**Given information**.
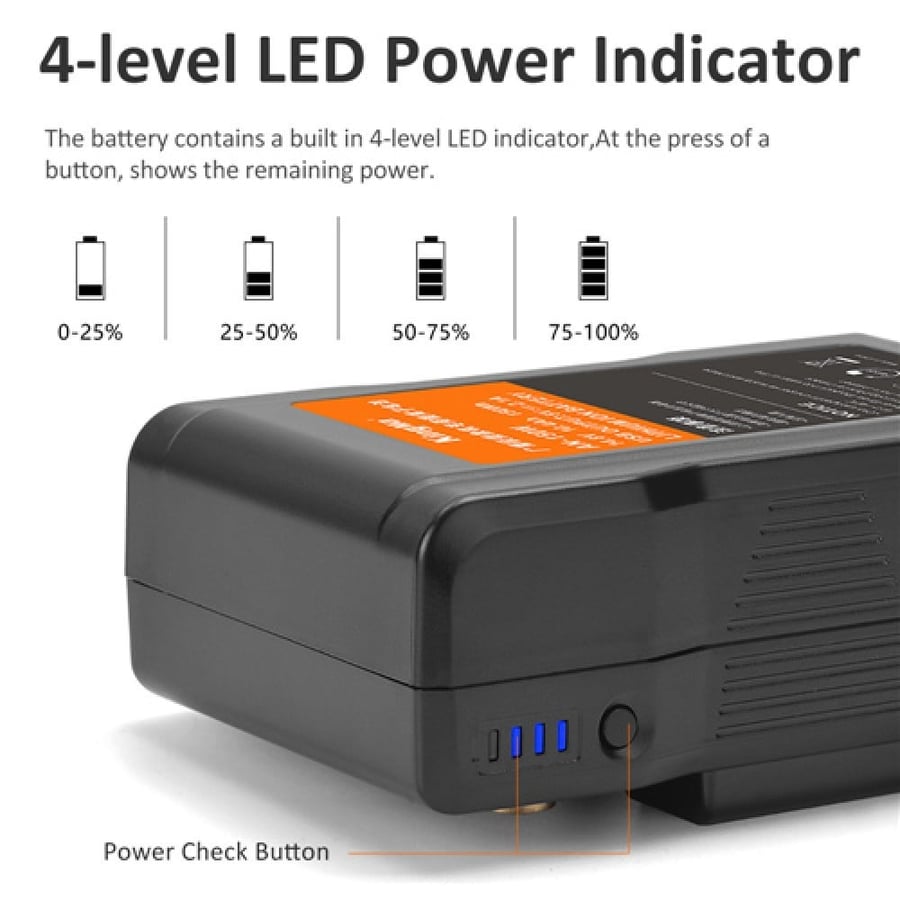 KingMa AN-150W High Load Gold Mount Li-ion Battery, 10400mAh
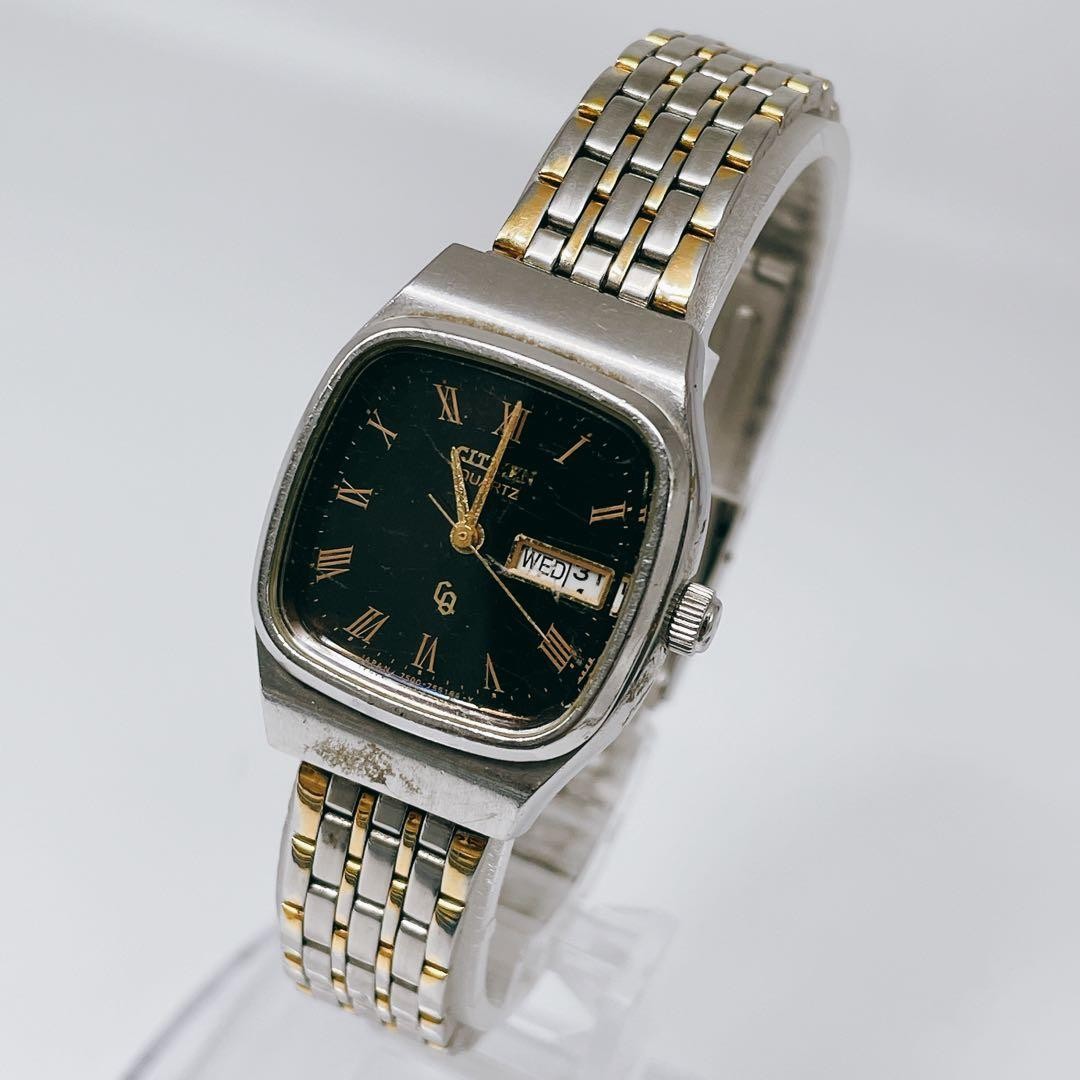 Citizen Quartz Day-Date Two-Tone Black Wristwatch Japan Working 071772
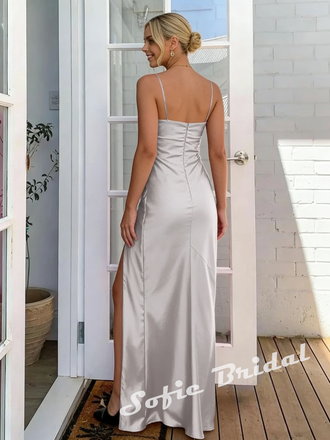 Sexy Soft Satin Spaghetti Straps Sleeveless Side Slit Mermaid Maxi Prom Dress, PD01175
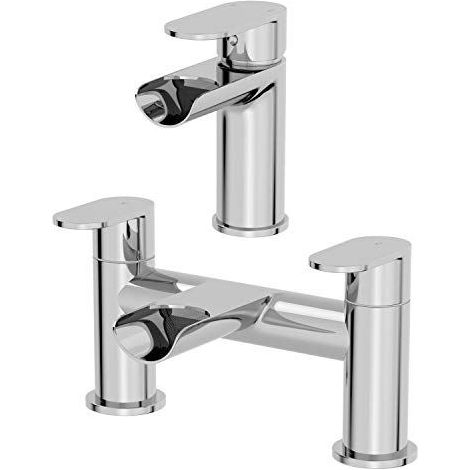 Architeckt Edsberg Basin Mixer Waterfall Tap & Bath Mixer Tap Set (1/5)
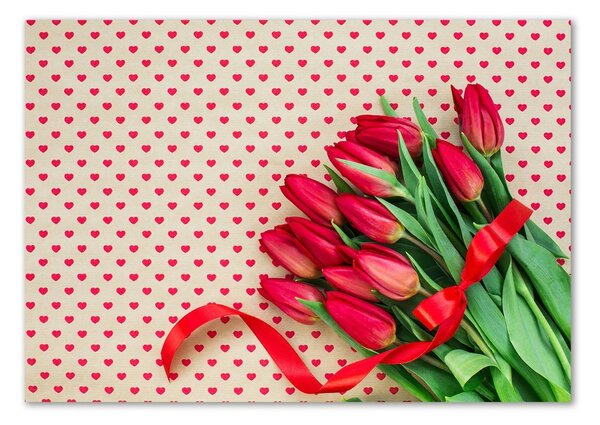 Foto obraz sklo tvrzené Tulipány srdce osh-104956051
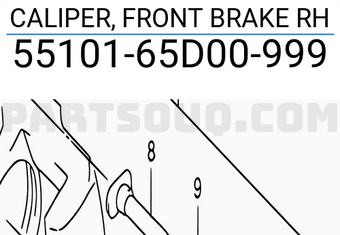 Suzuki 5510165D00999 CALIPER, FRONT BRAKE RH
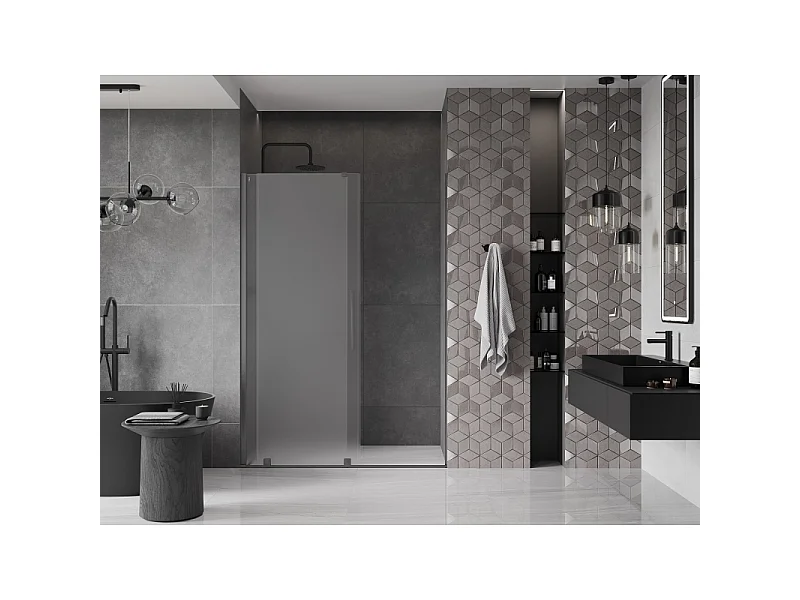Mexen Velar porte de douche coulissante 130 cm, givre, gris canon brossé - 871-130-000-31-66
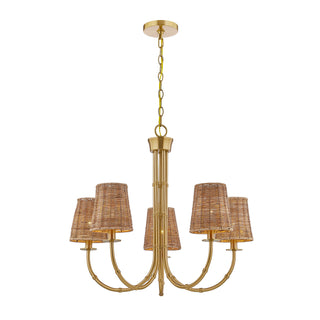 Ashbury 5-Light Chandelier in Warm Brass
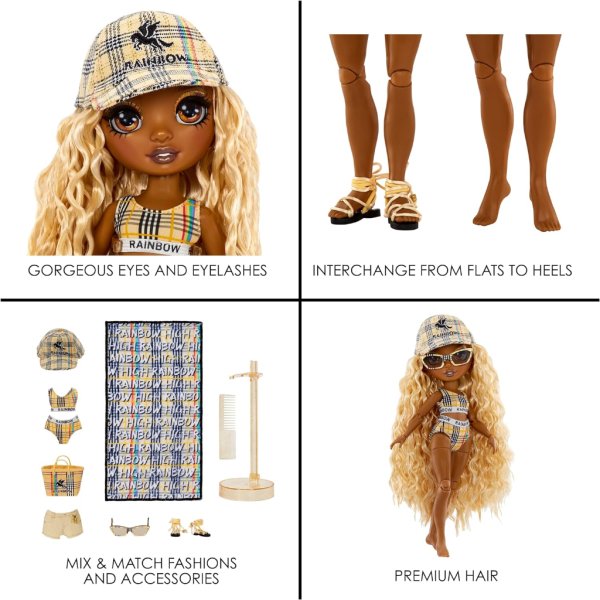 rainbow high pacific coast harper dune sand (light yellow) fashion doll5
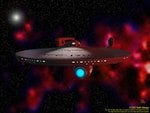 Star Trek Enterprise Leaving Nebula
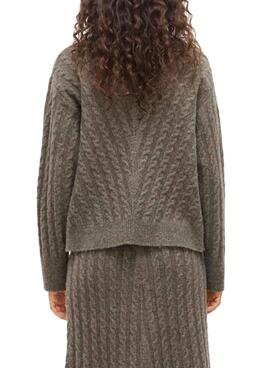 Maillot en maille côtelée Vila Virelli pour femme en couleur brun clair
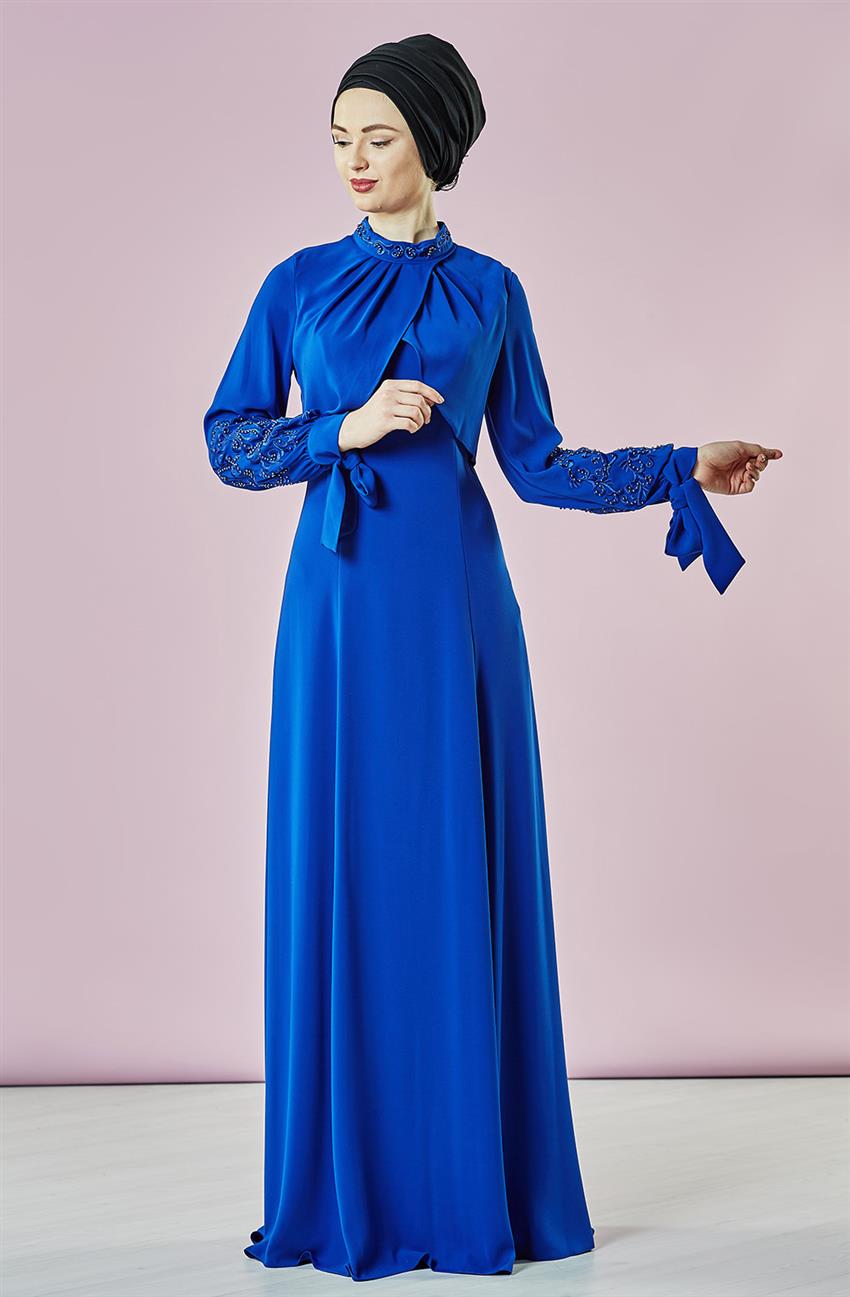 فستان سهرة فستان-أزرق غامق ar-7YA10038-47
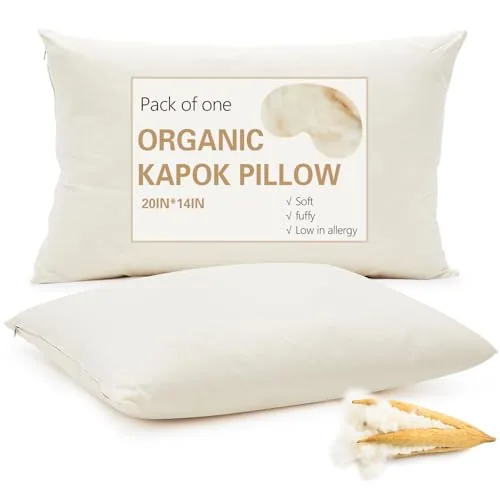 Organic Kapok Pillow 14" x 20" Natural Kapok Fiber Filled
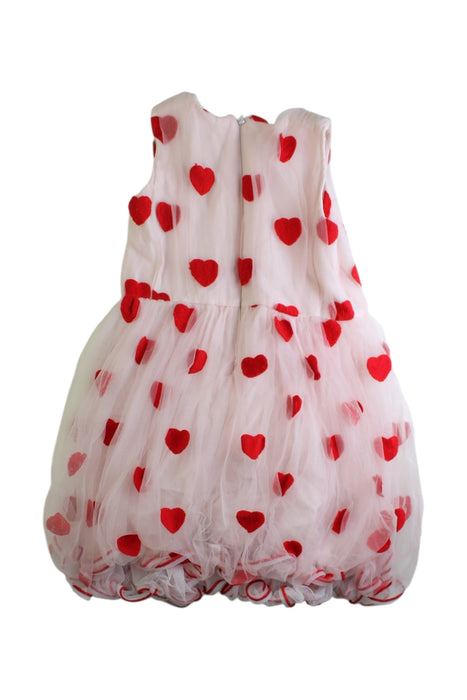 A Red Sleeveless Dresses from Charabia in size 4T for girl. (Back View)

**Your task**.
Please print every record exactly as written, without the pictures.

**Reply**.
 KingMa AN-150W High Load Gold Mount Li-ion Battery, 10400mAh
 Citizen Quartz Day-Date Two-Tone Black Wristwatch Japan Working 071772
 Sexy Soft Satin Spaghetti Straps Sleeveless Side Slit Mermaid Maxi Prom Dress, PD01175
 Architeckt Edsberg Basin Mixer Waterfall Tap & Bath Mixer Tap Set (1/5)
 Foto obraz sklo tvrzené Tulipány srdce osh-104956051
 Suzuki 5510165D00999 CALIPER, FRONT BRAKE RH
Mexen Velar porte de douche coulissante 130 cm, givre, gris canon brossé - 871-130-000-31-66
 Ashbury 5-Light Chandelier in Warm Brass
 rainbow high pacific coast harper dune sand (light yellow) fashion doll5
 Star Trek Enterprise Leaving Nebula
 Maillot en maille côtelée Vila Virelli pour femme en couleur brun clair
 فستان سهرة فستان-أزرق غامق ar-7YA10038-47
 Organic Kapok Pillow 14" x 20" Natural Kapok Fiber Filled
 A Red Sleeveless Dresses from Charabia in size 4T for girl. (Back View)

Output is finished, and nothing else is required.